[What to produce]: Below is a listing. Set down exactly the lines from the one containing "Ebeveynler ve çocukları" through the one containing "Street Light and", both ends included, and leave out the rest.

[Source material]:
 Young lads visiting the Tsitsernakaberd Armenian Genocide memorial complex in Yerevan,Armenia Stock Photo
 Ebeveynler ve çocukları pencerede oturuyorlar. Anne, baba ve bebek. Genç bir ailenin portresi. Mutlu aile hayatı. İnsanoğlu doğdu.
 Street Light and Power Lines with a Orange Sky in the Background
* * *
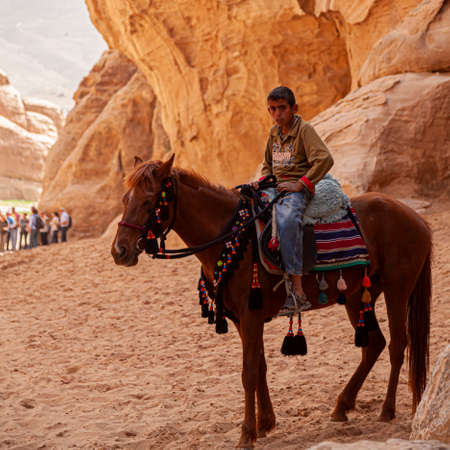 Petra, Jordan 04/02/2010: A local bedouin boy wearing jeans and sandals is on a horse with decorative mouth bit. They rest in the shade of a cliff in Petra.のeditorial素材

[Exercise result]:
 Ebeveynler ve çocukları pencerede oturuyorlar. Anne, baba ve bebek. Genç bir ailenin portresi. Mutlu aile hayatı. İnsanoğlu doğdu.
 Street Light and Power Lines with a Orange Sky in the Background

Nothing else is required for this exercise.